AB Komisyonu, 2000 yılında, boru söz AB Komisyonu direktifleri kapsamında incelemeye aldı. Teknik İlerleme Komitesi, 16 Şubat 2007’de, borik asit ve sodyum boratların, "üremeye olumsuz etkili toksik madde" olarak sınıflandırılmasını öngören bir tavsiye kararı kabul etti. Komisyon çalışmalarını sürekli takip eden Türkiye, bor konusundaki hassasiyetini, hem Gümrük Birliği Ortak Komitesi’ne hem de ikili görüşmelerinde sürekli iletti.
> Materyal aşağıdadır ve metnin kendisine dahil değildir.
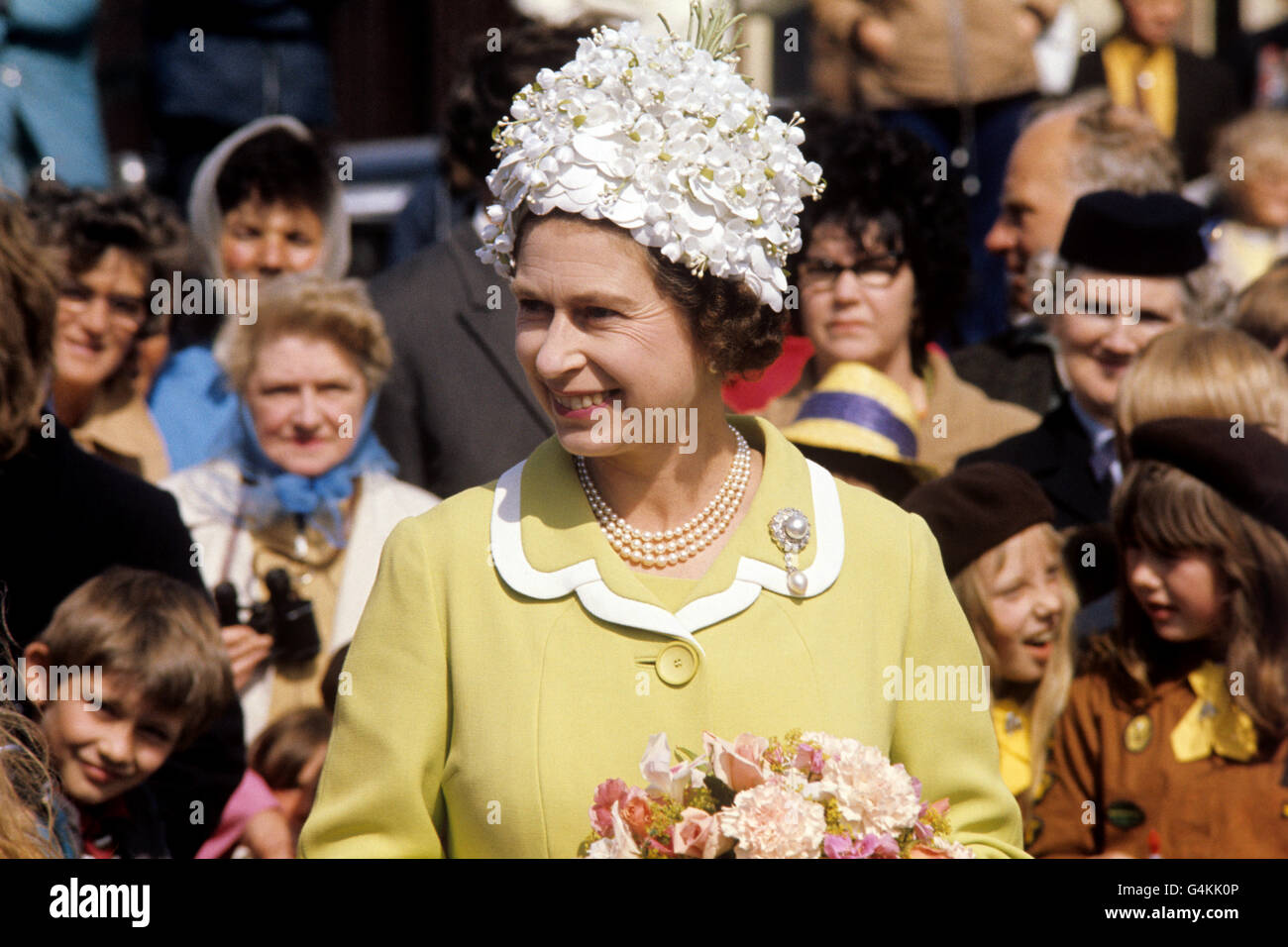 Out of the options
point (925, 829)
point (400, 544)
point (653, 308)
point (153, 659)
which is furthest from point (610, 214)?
point (153, 659)

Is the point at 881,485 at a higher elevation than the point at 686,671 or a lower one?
higher

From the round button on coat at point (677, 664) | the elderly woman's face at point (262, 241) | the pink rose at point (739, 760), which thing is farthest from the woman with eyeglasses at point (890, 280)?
the pink rose at point (739, 760)

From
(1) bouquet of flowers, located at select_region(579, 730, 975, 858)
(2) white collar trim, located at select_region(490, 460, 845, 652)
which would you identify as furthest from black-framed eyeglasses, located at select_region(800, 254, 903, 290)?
(1) bouquet of flowers, located at select_region(579, 730, 975, 858)

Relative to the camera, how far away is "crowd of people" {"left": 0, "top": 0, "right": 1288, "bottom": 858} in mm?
2436

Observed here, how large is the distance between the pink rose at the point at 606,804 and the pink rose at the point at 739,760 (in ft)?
0.43

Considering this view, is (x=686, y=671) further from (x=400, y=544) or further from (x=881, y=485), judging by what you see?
(x=881, y=485)

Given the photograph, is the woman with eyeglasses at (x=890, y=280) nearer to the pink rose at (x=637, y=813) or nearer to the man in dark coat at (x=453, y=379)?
the man in dark coat at (x=453, y=379)

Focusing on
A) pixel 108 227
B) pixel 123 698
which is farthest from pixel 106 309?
pixel 123 698

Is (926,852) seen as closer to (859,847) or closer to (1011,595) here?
(859,847)

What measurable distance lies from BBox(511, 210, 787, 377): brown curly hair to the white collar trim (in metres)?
0.30

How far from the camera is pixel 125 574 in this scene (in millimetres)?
3756

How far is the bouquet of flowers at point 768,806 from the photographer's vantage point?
2.16 m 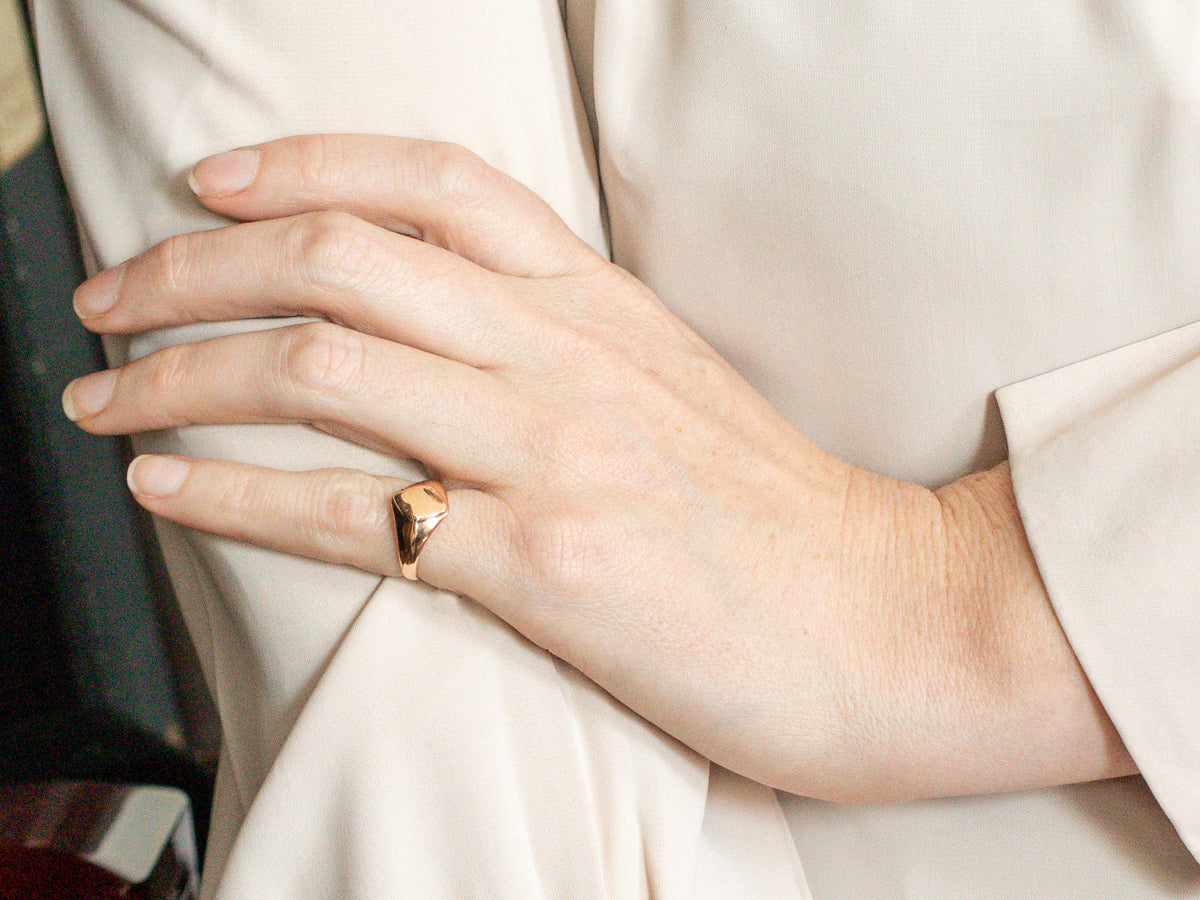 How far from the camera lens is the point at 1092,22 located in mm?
512

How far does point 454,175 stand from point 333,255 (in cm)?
9

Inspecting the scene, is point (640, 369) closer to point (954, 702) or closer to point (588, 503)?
point (588, 503)

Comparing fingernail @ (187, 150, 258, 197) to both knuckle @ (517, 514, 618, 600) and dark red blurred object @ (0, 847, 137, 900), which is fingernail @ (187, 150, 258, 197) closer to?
knuckle @ (517, 514, 618, 600)

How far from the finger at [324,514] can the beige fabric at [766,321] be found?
0.08 feet

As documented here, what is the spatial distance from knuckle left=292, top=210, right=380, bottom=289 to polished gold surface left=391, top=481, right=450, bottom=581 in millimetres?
124

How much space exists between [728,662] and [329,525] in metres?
0.24

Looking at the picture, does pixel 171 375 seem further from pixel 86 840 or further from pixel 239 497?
pixel 86 840

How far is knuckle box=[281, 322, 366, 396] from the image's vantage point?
0.52 meters

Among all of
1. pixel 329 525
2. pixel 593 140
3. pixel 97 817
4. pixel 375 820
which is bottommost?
pixel 97 817

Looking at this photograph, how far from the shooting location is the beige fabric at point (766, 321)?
0.53 metres

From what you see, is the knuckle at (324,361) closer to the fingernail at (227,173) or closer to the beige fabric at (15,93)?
the fingernail at (227,173)

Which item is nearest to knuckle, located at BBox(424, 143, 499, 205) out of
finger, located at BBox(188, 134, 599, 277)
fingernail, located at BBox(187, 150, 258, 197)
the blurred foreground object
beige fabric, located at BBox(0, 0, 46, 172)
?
finger, located at BBox(188, 134, 599, 277)

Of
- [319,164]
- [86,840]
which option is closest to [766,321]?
[319,164]

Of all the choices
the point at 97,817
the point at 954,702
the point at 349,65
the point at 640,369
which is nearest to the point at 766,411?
the point at 640,369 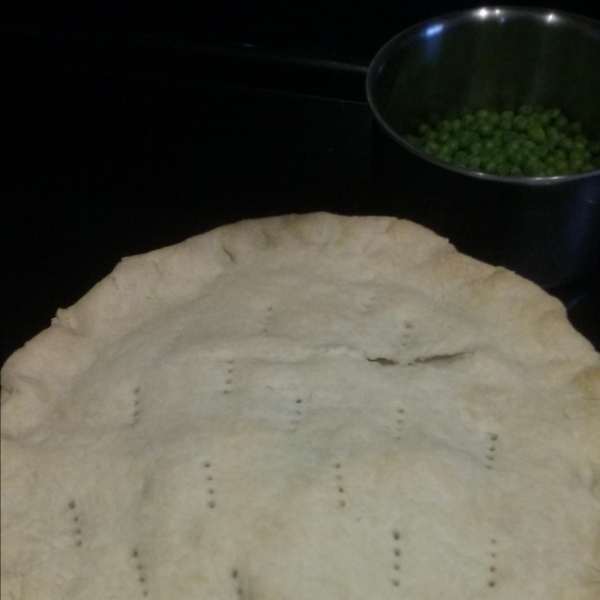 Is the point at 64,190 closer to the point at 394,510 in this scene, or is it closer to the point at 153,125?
the point at 153,125

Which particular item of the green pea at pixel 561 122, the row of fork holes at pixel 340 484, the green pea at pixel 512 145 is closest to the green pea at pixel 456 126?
the green pea at pixel 512 145

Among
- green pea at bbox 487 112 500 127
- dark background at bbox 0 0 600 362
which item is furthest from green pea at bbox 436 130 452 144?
dark background at bbox 0 0 600 362

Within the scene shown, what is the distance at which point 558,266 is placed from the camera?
1.71 m

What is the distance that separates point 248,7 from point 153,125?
0.39 m

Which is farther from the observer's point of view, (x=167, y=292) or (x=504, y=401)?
(x=167, y=292)

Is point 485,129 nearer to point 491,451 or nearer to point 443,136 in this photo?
point 443,136

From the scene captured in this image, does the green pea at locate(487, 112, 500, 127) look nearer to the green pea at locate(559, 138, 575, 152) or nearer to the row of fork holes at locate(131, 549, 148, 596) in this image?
the green pea at locate(559, 138, 575, 152)

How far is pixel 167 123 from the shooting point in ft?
7.25

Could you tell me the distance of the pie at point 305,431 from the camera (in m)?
1.12

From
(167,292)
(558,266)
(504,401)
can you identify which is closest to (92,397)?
(167,292)

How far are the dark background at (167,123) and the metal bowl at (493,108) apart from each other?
0.19 m

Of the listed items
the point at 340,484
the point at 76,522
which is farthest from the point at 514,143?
the point at 76,522

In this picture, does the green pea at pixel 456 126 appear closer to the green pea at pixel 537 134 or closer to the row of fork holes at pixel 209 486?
the green pea at pixel 537 134

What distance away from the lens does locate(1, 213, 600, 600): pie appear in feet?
3.68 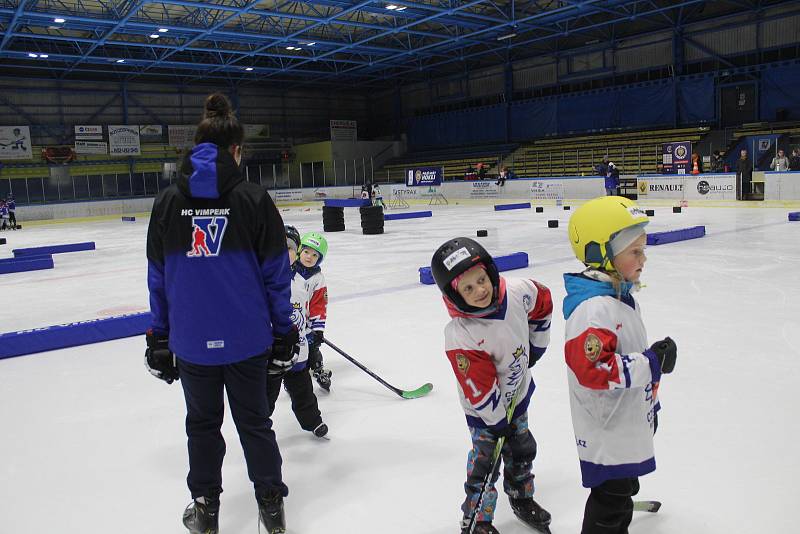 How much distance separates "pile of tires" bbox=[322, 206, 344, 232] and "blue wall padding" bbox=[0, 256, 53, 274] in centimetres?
635

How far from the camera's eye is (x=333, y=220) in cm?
1529

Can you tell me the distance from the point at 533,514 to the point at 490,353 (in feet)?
2.11

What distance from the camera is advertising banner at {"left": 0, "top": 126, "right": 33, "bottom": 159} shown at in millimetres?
29359

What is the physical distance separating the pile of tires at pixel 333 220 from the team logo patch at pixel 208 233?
1312 centimetres

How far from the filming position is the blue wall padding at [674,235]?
32.1ft

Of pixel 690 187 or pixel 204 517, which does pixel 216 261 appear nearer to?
pixel 204 517

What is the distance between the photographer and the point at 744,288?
623 centimetres

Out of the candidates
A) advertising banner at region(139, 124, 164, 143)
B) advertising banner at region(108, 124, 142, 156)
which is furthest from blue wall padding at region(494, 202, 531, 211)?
advertising banner at region(139, 124, 164, 143)

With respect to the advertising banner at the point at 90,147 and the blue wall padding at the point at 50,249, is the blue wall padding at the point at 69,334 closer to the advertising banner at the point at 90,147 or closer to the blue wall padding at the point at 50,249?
the blue wall padding at the point at 50,249

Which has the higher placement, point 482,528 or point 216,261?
point 216,261

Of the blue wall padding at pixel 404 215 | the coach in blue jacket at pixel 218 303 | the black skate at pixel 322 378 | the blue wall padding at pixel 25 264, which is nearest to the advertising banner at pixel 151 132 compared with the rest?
the blue wall padding at pixel 404 215

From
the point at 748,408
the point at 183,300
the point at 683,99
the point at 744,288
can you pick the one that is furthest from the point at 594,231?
the point at 683,99

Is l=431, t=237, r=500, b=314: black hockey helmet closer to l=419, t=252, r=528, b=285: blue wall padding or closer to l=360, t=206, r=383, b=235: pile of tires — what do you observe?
l=419, t=252, r=528, b=285: blue wall padding

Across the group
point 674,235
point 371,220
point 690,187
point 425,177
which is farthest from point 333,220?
point 425,177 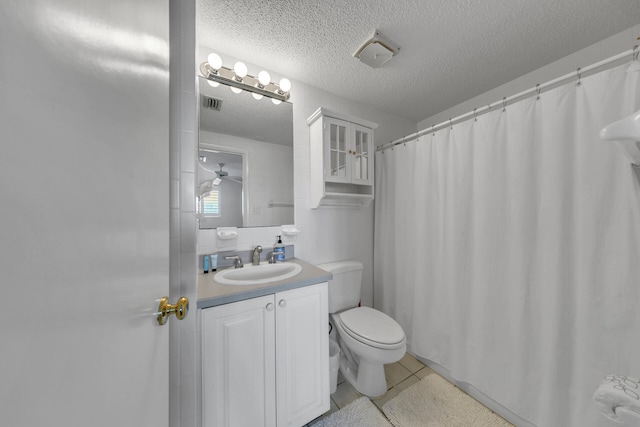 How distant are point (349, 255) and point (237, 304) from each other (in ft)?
3.90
Devlet Bakanı Kürşad Tüzmen ile Çevre ve Orman ile Enerji ve Tabii Kaynaklar bakanları da AB Komisyonu’nun ilgili komiserlerine muhatap mektuplar yazdı. Ancak söz konusu girişimler tavsiye kararının alınmasını engellemezken, AB, söz konusu tavsiye kararını, DTÖ Ticarette Teknik Engeller Anlaşması’ndan kaynaklanan yükümlülükleri çerçevesinde, 4 Mayıs 2007’de ilgili komiteye bildirdi.

7 ülke yanımızda

Alınan bildirim üzerine DTM koordinasyonunda Dışişleri Bakanlığı, Enerji ve Tabii Kaynaklar Bakanlığı Eti Maden İşletmeleri ile ilgili diğer kurum ve kuruluşların katılımı ile toplantılar yapılarak, bundan sonra Türkiye’nin izleyeceği yol ve yöntemler tartışıldı. Toplantılarda, DTÖ üyelerinin bilgi ve yorumuna sunulan taslak direktife ilişkin "Türkiye’nin Yorumu"nun oluşturularak AB Komisyonu’na iletilmesi, ayrıca DTÖ Ticarette Teknik Engeller Komitesi’nde "Önemli Ticari Sorunlar" başlığı altında gündeme getirilmesi kararlaştırıldı. Türkiye, Komite’nin geçen yıl temmuz ve kasım, bu yıl mart aylarında yapılan toplantılarında, sınıflandırma kararına ilişkin itiraz ve çekincelerini defalarca vurguladı. Türkiye’nin yanı sıra, ABD, Malezya, Avustralya, Arjantin, Şili, Japonya ve Çin de sınıflandırma aleyhinde görüş bildirdi.

15 Eylül’de açıklandı

AB’ye işbirliği teklifinde de bulunan Türkiye, bu yıl Şubat’ta AB Komisyonu ile yaptığı teknik toplantıda, sınıflandırma kararının kabul edilmesi halinde, konuyu DTÖ Anlaşmazlıkların Halli Organı’na götürmekte kararlı olduğunu kesin bir dille ifade etti. Türkiye’nin işbirliği tekliflerine olumlu yaklaşmayan AB komisyonu, "üremeye olumsuz etkili toksik madde" olduğu gerekçesiyle 2 sayılı listede yer almasına ilişkin direktifi, 9 Haziran 2008’de kabul etti. AB’nin söz konusu kararı, 15 Eylül’de Topluluk Resmi Gazetesi’nde, 20 gün sonra yürürlükte olmak üzere yayımlandı.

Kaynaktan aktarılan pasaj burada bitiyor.